When you have time, see
http://ocw.mit.edu/resources/res-18-006-calculus-revisited-single-variable-calculus-fall-2010/part-i-sets-functions-and-limits/lecture-5-a-more-rigorous-approach-to-limits/

(you might want to also watch the lecture previous to this one, which provides the background and lots of intuition)

Answer 29

Thanks that's what I needed.

Answer 30

to figure out the limit without using L'Hopital, we could use series expansions
once you get to
\[ \lim_{x \rightarrow 0} \frac{\sin x}{1 - \sqrt{3}\sin x - \cos x} \]
I would rewrite it as
\[ \lim_{x \rightarrow 0} \frac{\frac{\sin x}{x}}{\frac{1 - \cos x}{x} - \sqrt{3}\frac{\sin x}{x}} \]
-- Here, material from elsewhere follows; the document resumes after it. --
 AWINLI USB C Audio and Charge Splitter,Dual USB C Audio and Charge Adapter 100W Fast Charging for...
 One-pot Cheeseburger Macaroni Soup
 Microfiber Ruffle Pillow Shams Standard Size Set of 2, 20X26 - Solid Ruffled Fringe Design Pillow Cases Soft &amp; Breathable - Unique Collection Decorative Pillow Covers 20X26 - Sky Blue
and now take the limit of the top and bottom
the limit of the numerator is
\[ \lim_{x \rightarrow 0} \frac{\sin x}{x} = 1\]
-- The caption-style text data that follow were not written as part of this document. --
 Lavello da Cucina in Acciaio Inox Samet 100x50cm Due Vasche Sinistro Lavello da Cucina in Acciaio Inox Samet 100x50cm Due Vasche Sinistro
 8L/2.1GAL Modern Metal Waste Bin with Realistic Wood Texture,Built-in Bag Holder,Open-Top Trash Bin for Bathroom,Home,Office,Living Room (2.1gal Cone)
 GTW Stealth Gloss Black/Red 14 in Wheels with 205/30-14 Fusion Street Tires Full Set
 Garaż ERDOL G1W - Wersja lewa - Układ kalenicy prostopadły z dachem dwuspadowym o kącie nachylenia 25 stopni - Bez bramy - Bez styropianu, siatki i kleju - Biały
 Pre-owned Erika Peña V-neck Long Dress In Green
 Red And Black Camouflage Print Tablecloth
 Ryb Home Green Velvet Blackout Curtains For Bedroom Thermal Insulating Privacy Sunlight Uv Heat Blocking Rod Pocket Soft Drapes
the limit of the bottom is
\[ \lim_{x \rightarrow 0}\frac{1 - \cos x}{x} -\sqrt{3}\lim_{x \rightarrow 0}\frac{\sin x}{x} \]

as before the second term has a limit of -sqr(3)*1

for the first term, use
\[ \cos(x) = 1 - \frac{x^2}{2!} + \frac{x^4}{4!} - ...\]
so
\[ 1 - \cos x= \frac{x^2}{2!} - \frac{x^4}{4!}+ \frac{x^6}{6!} - ...\]
and
\[ \frac{1- \cos x}{x} = \frac{x}{2!} - \frac{x^3}{4!}+ \frac{x^5}{6!} - ...\]

now take the limit
\[ \lim_{x \rightarrow 0}\frac{1 - \cos x}{x} =\lim_{x \rightarrow 0} \left( \frac{x}{2!} - \frac{x^3}{4!}+ \frac{x^5}{6!} -...\right) =0 \]

putting it all together
\[ \lim_{x \rightarrow 0} \frac{\frac{\sin x}{x}}{\frac{1 - \cos x}{x} - \sqrt{3}\frac{\sin x}{x}} = \frac{1}{0 - \sqrt{3} \cdot 1}= - \frac{\sqrt{3}}{3}\]

Answer 31

another way to find the limit of
\[ \lim_{x \rightarrow 0}\frac{1 - \cos x}{x} \\
= \lim_{x \rightarrow 0}\frac{1 - \cos x}{x} \frac{(1+\cos x)}{(1+\cos x)} \\
= \lim_{x \rightarrow 0}\frac{1 - \cos^2 x}{x(1+\cos x)} \\
= \lim_{x \rightarrow 0}\frac{\sin x}{x} \frac{\sin x}{(1+\cos x)}
\]
and now we can do
\[ \lim_{x \rightarrow 0}\frac{\sin x}{x} \lim_{x \rightarrow 0}\frac{\sin x}{(1+\cos x)} \]
to get 1 * 0 = 0

Answer 32

Thanks, I didn't take the first one which involve 4!